Many banks are likely going to have to undergo a major shift in mindset as open banking makes its way to the US. Open banking regulation elsewhere like the Second Payment Services Directive (PSD2) (now PSD3) in Europe mandates that financial institutions share data with third parties at a customer’s request. And it’s expected to take a similar form here. According to the CFPB, this rule “would require depository and nondepository entities to make available to consumers and authorized third parties certain data relating to consumers’ transactions and accounts; establish obligations for third parties accessing a consumer’s data, including important privacy protections for that data; provide basic standards for data access; and promote fair, open, and inclusive industry standards.”
The issue for bank executives can probably be boiled down to the prospect of sharing data freely in an already competitive environment, and doing so via application programming interfaces (APIs) that they will have to build (amid legacy technology hurdles and often with reliance on their core provider). Admittedly, it’s not hard to see why neither of these is particularly appealing from where they are sitting at first blush. As Lex Sokolin, global director of fintech strategy at Autonomous Research, explained to American Banker, there are fewer and fewer moats banks have to protect their legacy business, and one of them is internal data on clients. “The bank thinks if they have the data and it’s proprietary to them, then the solutions they can build on them are proprietary to the bank,” he told the outlet. As such, there is little interest in playing ball.
However, given open banking is marching toward reality, resisting is probably futile. A better use of energy may be to refocus around the opportunities open banking presents. For example, banks can use open banking to extend best of breed approaches by enabling customers to use third-party apps more easily, creating greater satisfaction and stickiness with their own products. Beyond that, there is potential to expand the APIs they offer outside of what is required, allowing access to bank functionality that they can charge for.

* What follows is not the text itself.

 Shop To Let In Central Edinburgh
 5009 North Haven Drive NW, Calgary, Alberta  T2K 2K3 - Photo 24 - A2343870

At the end of the day, that 48% is probably going to be pretty disappointed. It doesn’t look like things are going to go their way. But that’s okay — as long as they can get on board. Often, the technical hurdles related to open banking take up a lot of the conversation. Smaller banks in particular have been very vocal about this. Yet, the way banks think about open banking is arguably a bigger barrier. The US has been so far behind in developing standards that these institutions have had plenty of time to come up with their own definitions and approaches. Arguably, too much time. That’s the real conundrum. And now, they are going to have to reframe all of that in order to move forward. Ironically, the work required to do this may very well prove to be far more difficult than building APIs to begin with. Ultimately, though, the first step on this journey (and a monumental one for certain) will be accepting that the bank’s data isn’t actually the bank’s at all.